If it sounds familiar, that’s because it’s the same strategy JCPenney (NYSE:JCP) is banking on as part of its turnaround, and one Best Buy (NYSE:BBY) recently decided to adopt to improve its own fortunes.
The change of direction implies that the strategy didn’t go well for Target. If that’s the case, frankly, I’m far from surprised. The store-within-a-store concept sounds compelling in theory, but the strategy falls short once applied to the kind of business these companies are trying to do.
Target announced plans for its in-store boutiques last January. JCPenney’s specialty shops — just one piece of the attempted turnaround led by CEO Ron Johnson — were announced about a year ago. And finally, Best Buy jumped on the bandwagon just before Target jumped off.
Even in the wake of Target’s change of heart, I understand some of the strategy’s appeals, such as:
- It draws attention to certain products: For Best Buy, the goal is to give kitchen appliances — a booming sector that’s grown for nine straight quarters — a more prominent spot in the retailer.
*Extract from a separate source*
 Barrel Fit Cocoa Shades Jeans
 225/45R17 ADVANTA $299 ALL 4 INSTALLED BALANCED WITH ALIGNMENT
That makes perfect sense. Then for JCPenney, sorting clothes by brands makes it easy to appeal to those with extreme loyalty. Why browse through all the cookware when you know you want one brand to begin with? Just hit up that mini-shop.
- It attracts new customers: In the case of JCPenney — and until now, Target — the move could attract a new type of customer … at least in theory. As the Huffington Post put it, Johnson hoped that “customizing 100 unique shopping experiences will help the retailer attract customers beyond frumpy moms on a budget, its long-time demographic.” Adding a new format — and hip one at that — is a way to keep the store fresh for existing and future customers alike.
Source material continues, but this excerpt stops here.